Mark Toguchi grew up in Alaska. Every weekend in the summer, he and his extended family, including aunts, uncles and cousins, would go camping and fishing for salmon. They’d spread out in several tents and RVs along the river. “We could just camp out right on the side of the river and set up our tents and the fire pits and so during the day we would be fishing just right off the campsite,” he says.

His wife, Rowena, didn’t go on her first hike until college. Her boss at the time invited her on a hike at Mount Index outside of Seattle. “I was like, ‘Hiking? What’s that?’” Rowena says. “She took us out. In fact, she invited my parents and my aunt. It was beautiful. She packed us lunch and snacks and everything. I fell in love with hiking after that.”

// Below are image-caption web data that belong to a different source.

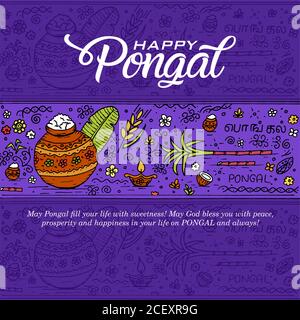 Indian Festival pongal wünscht Doodle Skizze blauen Hintergrund Stock Vektor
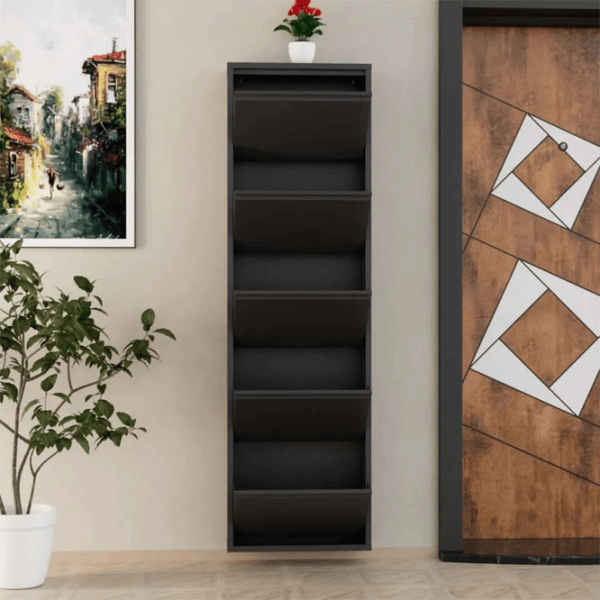 Обувной шкаф Trendy 5 Piece Metal 169 x 50 x 15см /Black /Антрацит photo 7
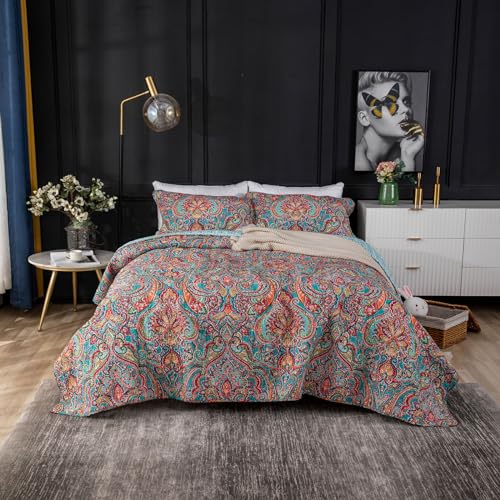 YASMENG 100 Cotton Boho Quilt Set Full Queen Size Colorful Gorgeous Paisley Mandala Floral Reversible Quilted Bedding Bohemian Vibrant Exotic Soft Breathable Bedspread Coverlet Set for All Seasons - Image 1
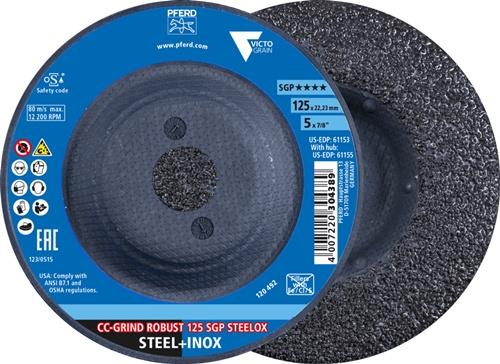 Schleifscheibe CC-GRIND-ROBUST SGP STEELOX D125xSmm STA/VA Bohr.22,23mm PFERD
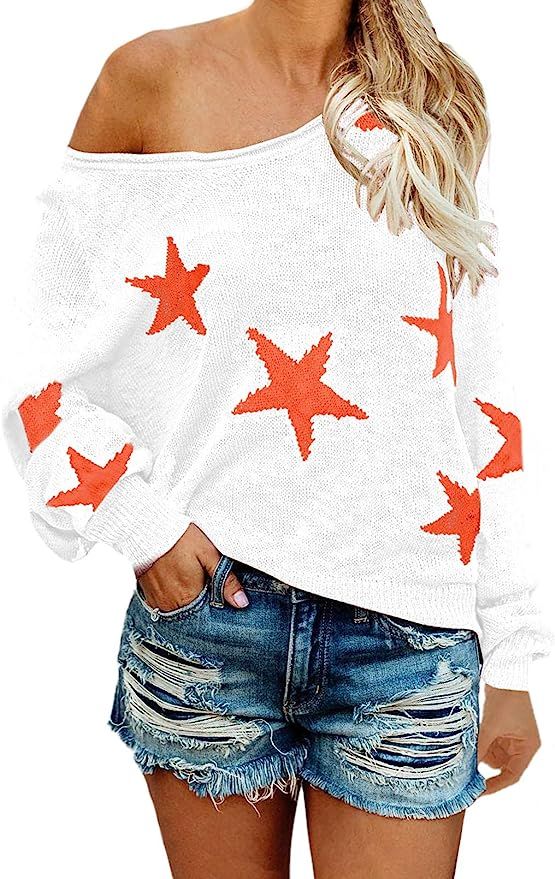 COCOLEGGINGS Women's Scoop Neck Long Sleeve Star Pullover Sweater Tunic Tops | Amazon (US)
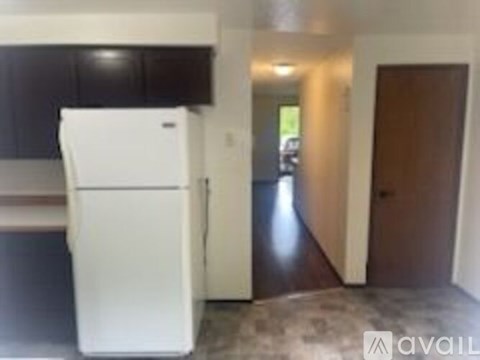 A white refrigerator is in a kitchen with a black counter.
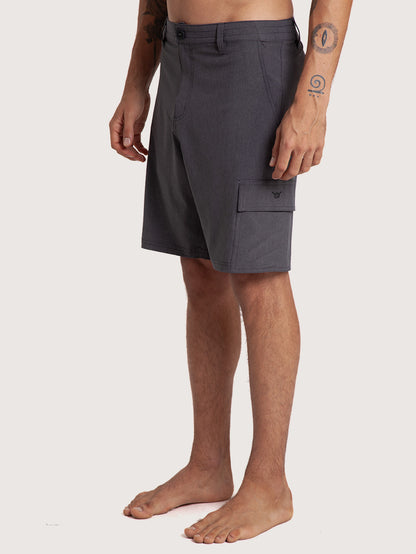 Bermuda Híbrida Hang Loose Preta com Bolsos Cargo Wash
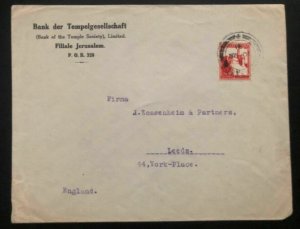 1931 Jerusalem Palestine Bank Knights Templar Society Cover To Leeds England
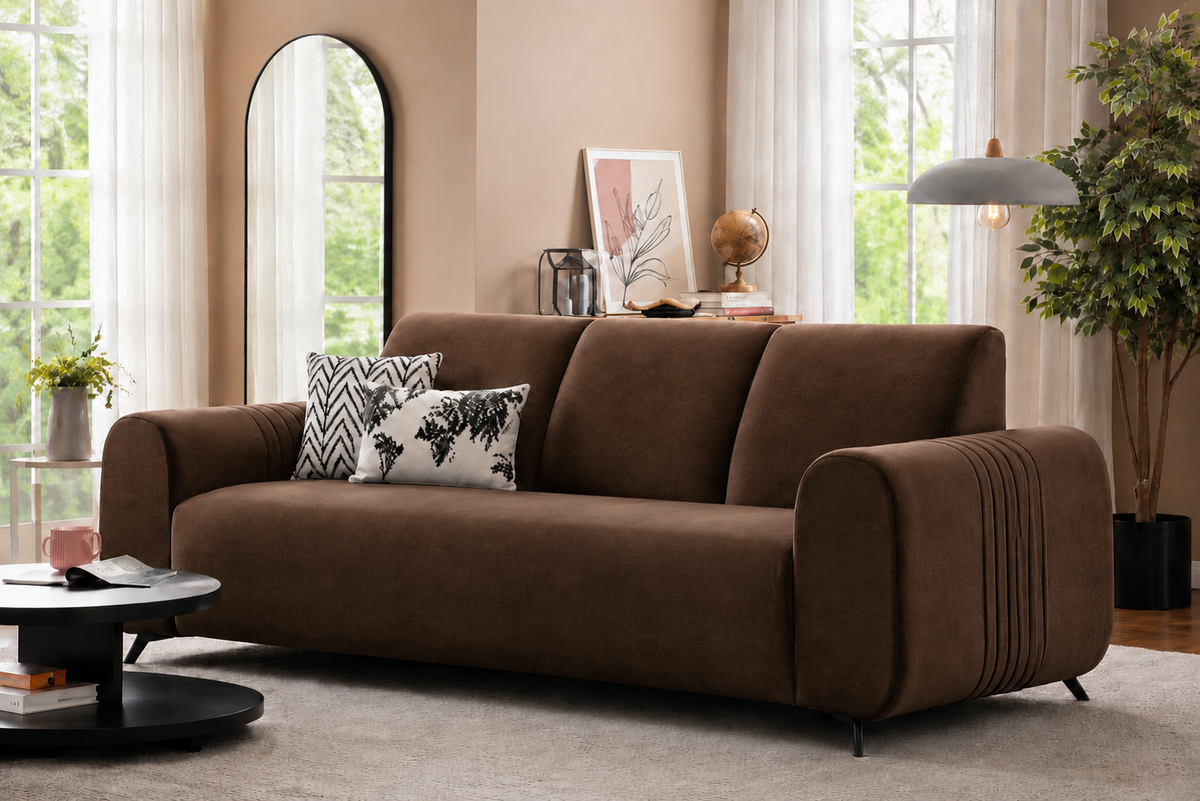 Luxury Velvet 3 Seater Sofa | Premium Fabric | Modern Living Room Couch | High Density Foam | Solid Wood Frame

Now that they have a family, the couple has been creating their own camping traditions with their two daughters and Rowena’s parents, Henry and Peggy Wong. Many moments revolve around sharing meals outdoors and telling stories around the campfire. The menu varies depending on their mood. They would dig up oysters on Northwest beaches, shuck them and eat them raw, or grill up clams they harvested. Other times, they’d bake potatoes, grill steaks or skewers of chicken, or roast marshmallows for s’mores. Or Mark, who is Japanese, would cook up a pot of chili and put his own spin on the Western dish, adding curry spices to beans and beef and serving it with steamed rice just like the Japanese beef curry that he grew up eating.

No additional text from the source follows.